Start of Block

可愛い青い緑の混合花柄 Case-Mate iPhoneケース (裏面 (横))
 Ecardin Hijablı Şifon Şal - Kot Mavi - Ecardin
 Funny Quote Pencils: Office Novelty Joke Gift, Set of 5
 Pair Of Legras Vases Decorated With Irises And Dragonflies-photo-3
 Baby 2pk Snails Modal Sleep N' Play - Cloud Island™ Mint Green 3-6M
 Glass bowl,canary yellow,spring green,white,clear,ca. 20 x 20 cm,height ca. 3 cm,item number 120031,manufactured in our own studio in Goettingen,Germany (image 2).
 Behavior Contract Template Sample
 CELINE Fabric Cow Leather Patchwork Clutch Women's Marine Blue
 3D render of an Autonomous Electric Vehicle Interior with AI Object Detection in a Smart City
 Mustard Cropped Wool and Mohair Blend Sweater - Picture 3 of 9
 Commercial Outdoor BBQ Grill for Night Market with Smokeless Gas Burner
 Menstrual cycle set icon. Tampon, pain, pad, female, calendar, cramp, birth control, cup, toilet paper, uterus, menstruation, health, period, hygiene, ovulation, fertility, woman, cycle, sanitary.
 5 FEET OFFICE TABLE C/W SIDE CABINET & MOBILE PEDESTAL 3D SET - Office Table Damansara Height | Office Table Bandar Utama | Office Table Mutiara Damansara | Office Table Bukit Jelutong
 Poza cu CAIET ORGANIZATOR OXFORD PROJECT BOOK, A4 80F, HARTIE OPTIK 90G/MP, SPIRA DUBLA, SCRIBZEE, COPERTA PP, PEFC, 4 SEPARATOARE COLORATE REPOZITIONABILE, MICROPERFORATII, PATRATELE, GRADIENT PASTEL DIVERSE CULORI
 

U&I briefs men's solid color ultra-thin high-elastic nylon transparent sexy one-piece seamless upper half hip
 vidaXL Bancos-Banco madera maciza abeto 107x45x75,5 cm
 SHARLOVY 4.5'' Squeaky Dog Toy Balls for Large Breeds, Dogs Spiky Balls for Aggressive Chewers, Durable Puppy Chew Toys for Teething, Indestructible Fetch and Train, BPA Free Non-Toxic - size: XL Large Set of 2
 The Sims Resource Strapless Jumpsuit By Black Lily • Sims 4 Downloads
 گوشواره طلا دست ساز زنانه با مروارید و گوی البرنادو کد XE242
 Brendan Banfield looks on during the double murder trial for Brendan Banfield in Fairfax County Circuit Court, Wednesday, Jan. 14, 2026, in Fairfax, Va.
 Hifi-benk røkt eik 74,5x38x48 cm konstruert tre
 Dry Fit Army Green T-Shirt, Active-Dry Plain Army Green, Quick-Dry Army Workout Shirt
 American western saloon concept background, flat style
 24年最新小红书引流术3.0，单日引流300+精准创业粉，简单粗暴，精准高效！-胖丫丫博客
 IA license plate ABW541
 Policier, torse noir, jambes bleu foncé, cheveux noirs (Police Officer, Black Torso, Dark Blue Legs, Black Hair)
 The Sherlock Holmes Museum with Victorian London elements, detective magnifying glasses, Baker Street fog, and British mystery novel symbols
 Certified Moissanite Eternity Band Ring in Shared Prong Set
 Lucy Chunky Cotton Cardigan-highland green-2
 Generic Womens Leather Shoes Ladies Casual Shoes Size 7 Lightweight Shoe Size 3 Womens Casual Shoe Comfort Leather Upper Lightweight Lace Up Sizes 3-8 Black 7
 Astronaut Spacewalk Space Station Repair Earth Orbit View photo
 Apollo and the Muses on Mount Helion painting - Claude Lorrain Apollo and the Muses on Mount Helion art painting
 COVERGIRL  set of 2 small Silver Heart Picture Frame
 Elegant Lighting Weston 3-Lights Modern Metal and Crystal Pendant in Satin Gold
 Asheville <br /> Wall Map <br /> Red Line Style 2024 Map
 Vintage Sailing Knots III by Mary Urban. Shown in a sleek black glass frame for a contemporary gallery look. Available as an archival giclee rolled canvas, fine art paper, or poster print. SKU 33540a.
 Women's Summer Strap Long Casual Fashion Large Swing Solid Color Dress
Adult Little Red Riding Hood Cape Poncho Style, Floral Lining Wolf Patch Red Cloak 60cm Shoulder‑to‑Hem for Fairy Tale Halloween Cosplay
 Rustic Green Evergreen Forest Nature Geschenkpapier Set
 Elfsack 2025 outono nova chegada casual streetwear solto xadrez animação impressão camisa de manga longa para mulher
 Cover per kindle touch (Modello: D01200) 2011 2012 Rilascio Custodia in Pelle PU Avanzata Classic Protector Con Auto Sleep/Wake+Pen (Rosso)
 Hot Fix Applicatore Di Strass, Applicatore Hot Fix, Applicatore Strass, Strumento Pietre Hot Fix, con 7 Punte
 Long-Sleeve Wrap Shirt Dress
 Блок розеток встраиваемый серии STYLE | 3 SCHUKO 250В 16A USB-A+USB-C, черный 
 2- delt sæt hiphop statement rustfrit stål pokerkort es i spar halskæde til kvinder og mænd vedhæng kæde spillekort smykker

End of Block

Task brief
Wherever the word "Dress" appears in a line of the data, copy that line.

Result of this task
 Women's Summer Strap Long Casual Fashion Large Swing Solid Color Dress
 Long-Sleeve Wrap Shirt Dress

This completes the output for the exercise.